● SUPPLIED MATERIAL
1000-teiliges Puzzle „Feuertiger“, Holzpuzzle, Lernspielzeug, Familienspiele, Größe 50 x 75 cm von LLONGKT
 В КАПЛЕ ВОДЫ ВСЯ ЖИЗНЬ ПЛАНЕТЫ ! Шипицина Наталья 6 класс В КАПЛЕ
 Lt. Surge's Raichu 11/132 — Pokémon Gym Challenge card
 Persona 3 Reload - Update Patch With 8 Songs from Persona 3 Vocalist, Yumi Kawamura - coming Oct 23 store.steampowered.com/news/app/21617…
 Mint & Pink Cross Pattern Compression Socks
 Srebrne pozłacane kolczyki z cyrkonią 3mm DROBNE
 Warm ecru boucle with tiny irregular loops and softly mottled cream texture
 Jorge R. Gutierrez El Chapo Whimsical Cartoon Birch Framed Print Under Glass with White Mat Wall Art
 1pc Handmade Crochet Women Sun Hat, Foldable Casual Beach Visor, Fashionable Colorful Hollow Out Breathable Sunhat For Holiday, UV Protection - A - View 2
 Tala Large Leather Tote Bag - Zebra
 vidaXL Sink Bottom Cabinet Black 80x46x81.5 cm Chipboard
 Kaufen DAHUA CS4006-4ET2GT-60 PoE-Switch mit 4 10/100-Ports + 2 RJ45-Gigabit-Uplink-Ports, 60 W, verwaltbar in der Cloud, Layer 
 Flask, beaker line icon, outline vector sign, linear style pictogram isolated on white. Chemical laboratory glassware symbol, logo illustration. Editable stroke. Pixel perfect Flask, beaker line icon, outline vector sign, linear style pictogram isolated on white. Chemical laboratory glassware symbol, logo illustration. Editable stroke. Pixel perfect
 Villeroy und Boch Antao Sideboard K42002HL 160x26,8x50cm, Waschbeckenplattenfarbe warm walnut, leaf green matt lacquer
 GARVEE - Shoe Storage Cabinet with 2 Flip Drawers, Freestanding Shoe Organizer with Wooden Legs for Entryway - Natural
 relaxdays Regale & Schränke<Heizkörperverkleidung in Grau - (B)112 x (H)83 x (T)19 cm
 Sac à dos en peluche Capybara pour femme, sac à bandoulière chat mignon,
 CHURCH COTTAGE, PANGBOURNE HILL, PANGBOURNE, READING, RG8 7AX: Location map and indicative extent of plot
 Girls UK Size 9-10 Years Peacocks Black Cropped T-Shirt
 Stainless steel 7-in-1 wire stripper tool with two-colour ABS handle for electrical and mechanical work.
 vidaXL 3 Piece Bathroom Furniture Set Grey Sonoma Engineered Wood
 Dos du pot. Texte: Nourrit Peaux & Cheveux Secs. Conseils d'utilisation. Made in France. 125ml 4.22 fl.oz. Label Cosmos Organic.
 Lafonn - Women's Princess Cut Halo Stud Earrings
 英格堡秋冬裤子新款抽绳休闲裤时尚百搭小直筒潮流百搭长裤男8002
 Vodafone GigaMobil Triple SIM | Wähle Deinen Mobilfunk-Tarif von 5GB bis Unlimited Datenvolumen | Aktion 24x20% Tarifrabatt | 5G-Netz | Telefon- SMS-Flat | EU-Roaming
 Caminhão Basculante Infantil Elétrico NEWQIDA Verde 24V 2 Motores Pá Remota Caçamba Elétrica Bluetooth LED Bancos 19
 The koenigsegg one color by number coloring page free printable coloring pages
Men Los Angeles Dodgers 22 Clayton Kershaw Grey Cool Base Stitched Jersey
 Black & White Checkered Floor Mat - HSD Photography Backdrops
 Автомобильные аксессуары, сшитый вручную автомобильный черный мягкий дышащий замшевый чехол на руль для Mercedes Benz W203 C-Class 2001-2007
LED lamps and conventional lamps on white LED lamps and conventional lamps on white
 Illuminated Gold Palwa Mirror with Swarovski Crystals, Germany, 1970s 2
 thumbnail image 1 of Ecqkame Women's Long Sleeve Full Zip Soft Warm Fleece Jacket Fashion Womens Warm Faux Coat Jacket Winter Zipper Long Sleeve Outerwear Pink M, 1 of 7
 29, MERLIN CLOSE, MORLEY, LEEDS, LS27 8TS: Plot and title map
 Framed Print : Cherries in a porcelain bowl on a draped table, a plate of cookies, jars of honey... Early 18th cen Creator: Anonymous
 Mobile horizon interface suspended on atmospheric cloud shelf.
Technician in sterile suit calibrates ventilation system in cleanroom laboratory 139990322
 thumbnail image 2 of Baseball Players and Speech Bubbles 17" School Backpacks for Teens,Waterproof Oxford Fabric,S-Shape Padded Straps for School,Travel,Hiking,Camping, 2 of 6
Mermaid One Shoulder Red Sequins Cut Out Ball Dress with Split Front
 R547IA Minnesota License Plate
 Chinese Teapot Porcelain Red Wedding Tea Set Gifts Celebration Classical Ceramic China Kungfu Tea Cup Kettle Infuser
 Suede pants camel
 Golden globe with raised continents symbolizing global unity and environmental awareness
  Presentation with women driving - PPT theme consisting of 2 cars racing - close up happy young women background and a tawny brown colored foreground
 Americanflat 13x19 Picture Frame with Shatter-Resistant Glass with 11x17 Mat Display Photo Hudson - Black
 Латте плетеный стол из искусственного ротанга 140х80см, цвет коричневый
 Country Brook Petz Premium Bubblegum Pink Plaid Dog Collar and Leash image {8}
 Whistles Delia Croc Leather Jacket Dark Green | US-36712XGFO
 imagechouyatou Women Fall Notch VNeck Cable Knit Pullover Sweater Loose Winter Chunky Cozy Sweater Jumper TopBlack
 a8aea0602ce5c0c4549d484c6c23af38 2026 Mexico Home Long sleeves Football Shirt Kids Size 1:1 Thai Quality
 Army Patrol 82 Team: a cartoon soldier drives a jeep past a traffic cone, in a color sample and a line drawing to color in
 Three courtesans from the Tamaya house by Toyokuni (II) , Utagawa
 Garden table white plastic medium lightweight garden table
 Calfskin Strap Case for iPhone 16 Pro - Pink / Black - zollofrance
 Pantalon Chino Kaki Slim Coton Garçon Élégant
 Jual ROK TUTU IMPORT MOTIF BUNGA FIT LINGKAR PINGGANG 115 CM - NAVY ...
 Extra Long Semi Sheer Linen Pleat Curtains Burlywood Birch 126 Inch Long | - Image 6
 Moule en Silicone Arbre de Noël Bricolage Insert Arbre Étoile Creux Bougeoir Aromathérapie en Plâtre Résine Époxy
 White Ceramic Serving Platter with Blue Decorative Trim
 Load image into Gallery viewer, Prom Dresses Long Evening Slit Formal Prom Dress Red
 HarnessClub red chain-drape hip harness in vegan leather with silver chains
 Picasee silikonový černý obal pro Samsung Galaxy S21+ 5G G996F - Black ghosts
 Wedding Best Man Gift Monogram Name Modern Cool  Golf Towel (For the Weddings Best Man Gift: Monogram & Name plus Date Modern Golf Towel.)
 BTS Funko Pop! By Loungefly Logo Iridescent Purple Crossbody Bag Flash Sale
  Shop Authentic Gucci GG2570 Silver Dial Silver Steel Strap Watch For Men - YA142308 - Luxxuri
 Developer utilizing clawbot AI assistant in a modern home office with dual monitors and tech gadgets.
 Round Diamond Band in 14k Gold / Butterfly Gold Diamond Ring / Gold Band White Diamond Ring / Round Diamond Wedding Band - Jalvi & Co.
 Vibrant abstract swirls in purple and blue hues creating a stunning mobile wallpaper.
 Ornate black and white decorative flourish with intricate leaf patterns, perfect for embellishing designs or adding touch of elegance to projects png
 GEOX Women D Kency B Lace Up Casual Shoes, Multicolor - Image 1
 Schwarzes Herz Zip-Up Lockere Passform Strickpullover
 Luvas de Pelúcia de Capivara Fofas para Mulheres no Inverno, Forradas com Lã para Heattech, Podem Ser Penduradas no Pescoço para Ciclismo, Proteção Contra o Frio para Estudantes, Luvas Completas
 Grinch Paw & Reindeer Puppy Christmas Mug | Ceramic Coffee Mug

● TASK TO COMPLETE
Return, word for word, the lines of the data above from the line with "thumbnail image 1" through the line with "Garden table white", inclusive.

● RESULT OF THE TASK
 thumbnail image 1 of Ecqkame Women's Long Sleeve Full Zip Soft Warm Fleece Jacket Fashion Womens Warm Faux Coat Jacket Winter Zipper Long Sleeve Outerwear Pink M, 1 of 7
 29, MERLIN CLOSE, MORLEY, LEEDS, LS27 8TS: Plot and title map
 Framed Print : Cherries in a porcelain bowl on a draped table, a plate of cookies, jars of honey... Early 18th cen Creator: Anonymous
 Mobile horizon interface suspended on atmospheric cloud shelf.
Technician in sterile suit calibrates ventilation system in cleanroom laboratory 139990322
 thumbnail image 2 of Baseball Players and Speech Bubbles 17" School Backpacks for Teens,Waterproof Oxford Fabric,S-Shape Padded Straps for School,Travel,Hiking,Camping, 2 of 6
Mermaid One Shoulder Red Sequins Cut Out Ball Dress with Split Front
 R547IA Minnesota License Plate
 Chinese Teapot Porcelain Red Wedding Tea Set Gifts Celebration Classical Ceramic China Kungfu Tea Cup Kettle Infuser
 Suede pants camel
 Golden globe with raised continents symbolizing global unity and environmental awareness
  Presentation with women driving - PPT theme consisting of 2 cars racing - close up happy young women background and a tawny brown colored foreground
 Americanflat 13x19 Picture Frame with Shatter-Resistant Glass with 11x17 Mat Display Photo Hudson - Black
 Латте плетеный стол из искусственного ротанга 140х80см, цвет коричневый
 Country Brook Petz Premium Bubblegum Pink Plaid Dog Collar and Leash image {8}
 Whistles Delia Croc Leather Jacket Dark Green | US-36712XGFO
 imagechouyatou Women Fall Notch VNeck Cable Knit Pullover Sweater Loose Winter Chunky Cozy Sweater Jumper TopBlack
 a8aea0602ce5c0c4549d484c6c23af38 2026 Mexico Home Long sleeves Football Shirt Kids Size 1:1 Thai Quality
 Army Patrol 82 Team: a cartoon soldier drives a jeep past a traffic cone, in a color sample and a line drawing to color in
 Three courtesans from the Tamaya house by Toyokuni (II) , Utagawa
 Garden table white plastic medium lightweight garden table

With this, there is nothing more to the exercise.